§ Data excerpt
--- --- ---
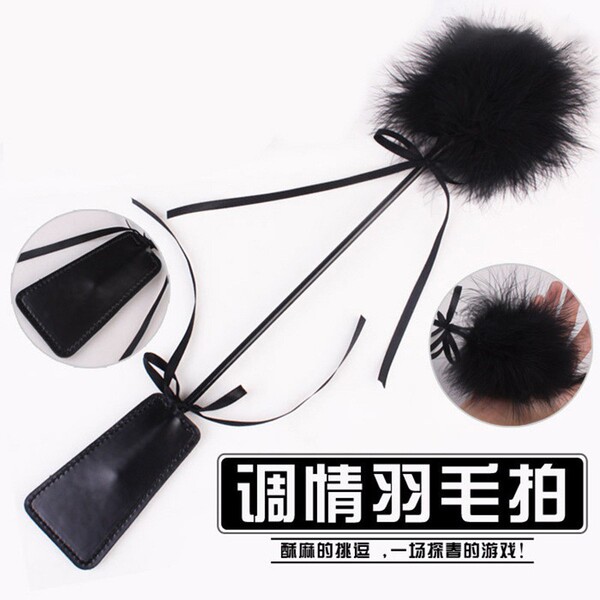 Bunny Girl Cosplay Costume Set - Anime Maid Outfit, Sexy Sleep Dress & Chef Uniform for Women, Plus Size Pure Temptation - Mood Badminton Racquet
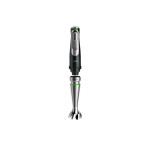 Блендер погружной Braun MQ9138XI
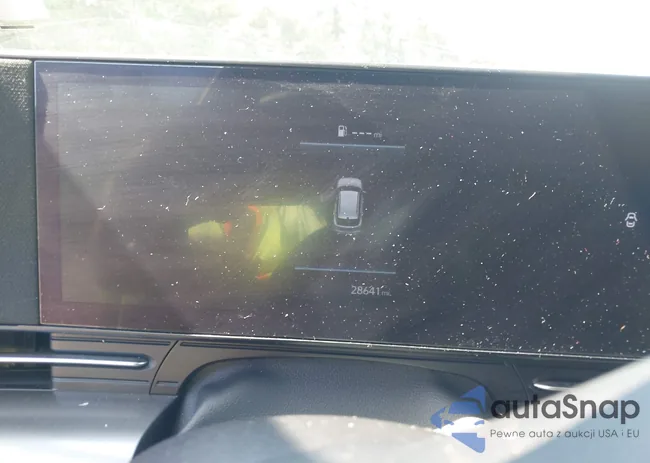 KM8HBCAB9SU195053: 42338174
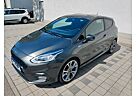 Ford Fiesta ST-Line 125 PS Bang & Olufsen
--- --- ---
Copy exactly what appears from the line holding "Блендер погружной Braun MQ9138XI" to the end of the material, keeping both end lines. Pictures are not part of the copy.

§ Finished task
 Блендер погружной Braun MQ9138XI
 KM8HBCAB9SU195053: 42338174
 Ford Fiesta ST-Line 125 PS Bang & Olufsen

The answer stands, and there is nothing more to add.